Extracted data entries
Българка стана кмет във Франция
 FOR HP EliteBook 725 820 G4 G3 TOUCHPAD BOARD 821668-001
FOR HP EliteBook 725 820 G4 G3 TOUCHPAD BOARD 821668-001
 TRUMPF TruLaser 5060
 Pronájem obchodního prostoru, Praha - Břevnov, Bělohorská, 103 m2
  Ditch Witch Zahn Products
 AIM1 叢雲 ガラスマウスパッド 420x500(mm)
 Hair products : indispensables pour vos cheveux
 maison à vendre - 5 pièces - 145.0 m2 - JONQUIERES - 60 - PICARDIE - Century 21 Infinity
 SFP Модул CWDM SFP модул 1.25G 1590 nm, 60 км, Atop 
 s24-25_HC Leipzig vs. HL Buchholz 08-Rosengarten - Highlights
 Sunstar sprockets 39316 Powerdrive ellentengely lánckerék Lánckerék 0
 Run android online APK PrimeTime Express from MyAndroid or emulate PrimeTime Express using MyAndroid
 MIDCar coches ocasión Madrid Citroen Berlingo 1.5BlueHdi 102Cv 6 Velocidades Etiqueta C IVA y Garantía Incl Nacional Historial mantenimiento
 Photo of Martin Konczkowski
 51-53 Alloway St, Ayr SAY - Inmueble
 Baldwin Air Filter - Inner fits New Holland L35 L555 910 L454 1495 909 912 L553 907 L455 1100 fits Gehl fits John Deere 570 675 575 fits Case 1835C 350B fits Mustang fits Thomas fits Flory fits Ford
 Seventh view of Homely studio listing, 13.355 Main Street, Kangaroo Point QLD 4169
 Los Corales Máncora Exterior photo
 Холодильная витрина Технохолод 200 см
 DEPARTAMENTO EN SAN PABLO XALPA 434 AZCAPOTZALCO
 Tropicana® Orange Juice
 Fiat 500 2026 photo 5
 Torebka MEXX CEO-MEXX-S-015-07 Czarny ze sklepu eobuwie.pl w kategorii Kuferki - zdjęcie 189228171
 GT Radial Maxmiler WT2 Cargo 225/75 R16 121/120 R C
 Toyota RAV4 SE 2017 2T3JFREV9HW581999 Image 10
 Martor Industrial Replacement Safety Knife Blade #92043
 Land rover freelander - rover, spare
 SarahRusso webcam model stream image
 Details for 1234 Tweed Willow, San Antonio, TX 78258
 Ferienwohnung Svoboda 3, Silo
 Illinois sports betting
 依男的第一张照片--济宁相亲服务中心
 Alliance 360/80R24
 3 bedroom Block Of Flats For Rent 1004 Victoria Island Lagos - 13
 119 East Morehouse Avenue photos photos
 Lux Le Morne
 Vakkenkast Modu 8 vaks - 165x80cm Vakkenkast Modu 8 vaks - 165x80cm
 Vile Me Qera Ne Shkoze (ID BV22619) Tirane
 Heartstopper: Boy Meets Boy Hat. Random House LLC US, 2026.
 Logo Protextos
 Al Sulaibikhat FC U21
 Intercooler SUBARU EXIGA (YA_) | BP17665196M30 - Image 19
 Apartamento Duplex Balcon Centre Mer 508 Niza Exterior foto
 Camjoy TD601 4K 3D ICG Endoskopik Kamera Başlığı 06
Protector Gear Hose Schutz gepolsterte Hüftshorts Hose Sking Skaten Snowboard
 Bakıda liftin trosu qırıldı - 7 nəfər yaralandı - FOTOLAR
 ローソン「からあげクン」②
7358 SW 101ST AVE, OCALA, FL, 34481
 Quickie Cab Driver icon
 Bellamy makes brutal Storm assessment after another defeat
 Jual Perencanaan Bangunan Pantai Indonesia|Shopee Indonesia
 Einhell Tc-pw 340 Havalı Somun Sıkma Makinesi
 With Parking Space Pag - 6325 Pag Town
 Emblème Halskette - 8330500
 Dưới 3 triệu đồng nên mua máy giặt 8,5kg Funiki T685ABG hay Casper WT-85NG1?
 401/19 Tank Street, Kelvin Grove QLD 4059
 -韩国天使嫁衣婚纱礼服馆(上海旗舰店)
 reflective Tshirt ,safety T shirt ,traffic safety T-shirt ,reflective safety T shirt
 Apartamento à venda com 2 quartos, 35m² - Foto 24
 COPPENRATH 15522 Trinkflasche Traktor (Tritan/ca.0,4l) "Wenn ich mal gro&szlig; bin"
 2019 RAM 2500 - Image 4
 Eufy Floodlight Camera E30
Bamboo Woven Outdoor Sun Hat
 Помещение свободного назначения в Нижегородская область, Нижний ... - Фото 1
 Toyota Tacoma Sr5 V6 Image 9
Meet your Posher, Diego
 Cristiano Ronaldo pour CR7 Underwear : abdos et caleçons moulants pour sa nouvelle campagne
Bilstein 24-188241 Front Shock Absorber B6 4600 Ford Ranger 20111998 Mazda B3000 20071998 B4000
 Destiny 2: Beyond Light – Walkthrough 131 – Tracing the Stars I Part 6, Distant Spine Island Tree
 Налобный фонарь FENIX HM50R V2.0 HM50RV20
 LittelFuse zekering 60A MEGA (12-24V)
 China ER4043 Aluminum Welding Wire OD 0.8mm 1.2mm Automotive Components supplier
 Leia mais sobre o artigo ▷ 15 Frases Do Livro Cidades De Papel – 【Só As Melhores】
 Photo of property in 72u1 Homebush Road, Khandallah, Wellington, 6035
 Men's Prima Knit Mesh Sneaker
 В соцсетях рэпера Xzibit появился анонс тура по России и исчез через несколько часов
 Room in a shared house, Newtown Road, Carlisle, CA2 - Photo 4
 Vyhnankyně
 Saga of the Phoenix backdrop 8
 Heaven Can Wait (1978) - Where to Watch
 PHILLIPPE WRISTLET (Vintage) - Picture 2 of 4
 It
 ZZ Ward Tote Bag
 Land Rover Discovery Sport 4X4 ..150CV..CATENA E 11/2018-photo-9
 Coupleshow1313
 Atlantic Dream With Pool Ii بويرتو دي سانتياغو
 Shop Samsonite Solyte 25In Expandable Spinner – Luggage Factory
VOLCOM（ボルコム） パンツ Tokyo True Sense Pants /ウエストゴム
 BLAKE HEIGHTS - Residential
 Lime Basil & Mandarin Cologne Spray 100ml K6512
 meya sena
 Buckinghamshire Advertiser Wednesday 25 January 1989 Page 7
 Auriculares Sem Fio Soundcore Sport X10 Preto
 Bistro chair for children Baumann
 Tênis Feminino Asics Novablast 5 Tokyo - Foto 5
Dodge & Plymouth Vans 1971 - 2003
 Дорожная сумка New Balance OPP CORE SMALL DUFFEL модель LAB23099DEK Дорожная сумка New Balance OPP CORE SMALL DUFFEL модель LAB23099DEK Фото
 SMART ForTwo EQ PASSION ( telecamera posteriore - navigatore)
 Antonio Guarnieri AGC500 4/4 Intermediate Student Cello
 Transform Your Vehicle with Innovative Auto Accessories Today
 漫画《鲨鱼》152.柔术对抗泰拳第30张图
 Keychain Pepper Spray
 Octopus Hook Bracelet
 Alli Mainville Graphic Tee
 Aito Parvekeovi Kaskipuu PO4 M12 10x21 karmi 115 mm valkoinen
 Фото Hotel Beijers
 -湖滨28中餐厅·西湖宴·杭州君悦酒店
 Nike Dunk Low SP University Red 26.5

→ ASSIGNMENT
Give back, exactly as written, the stretch from the line with "Lux Le Morne" through the line with "Bellamy makes brutal", and no other lines from the records above.

→ EXERCISE ANSWER
 Lux Le Morne
 Vakkenkast Modu 8 vaks - 165x80cm Vakkenkast Modu 8 vaks - 165x80cm
 Vile Me Qera Ne Shkoze (ID BV22619) Tirane
 Heartstopper: Boy Meets Boy Hat. Random House LLC US, 2026.
 Logo Protextos
 Al Sulaibikhat FC U21
 Intercooler SUBARU EXIGA (YA_) | BP17665196M30 - Image 19
 Apartamento Duplex Balcon Centre Mer 508 Niza Exterior foto
 Camjoy TD601 4K 3D ICG Endoskopik Kamera Başlığı 06
Protector Gear Hose Schutz gepolsterte Hüftshorts Hose Sking Skaten Snowboard
 Bakıda liftin trosu qırıldı - 7 nəfər yaralandı - FOTOLAR
 ローソン「からあげクン」②
7358 SW 101ST AVE, OCALA, FL, 34481
 Quickie Cab Driver icon
 Bellamy makes brutal Storm assessment after another defeat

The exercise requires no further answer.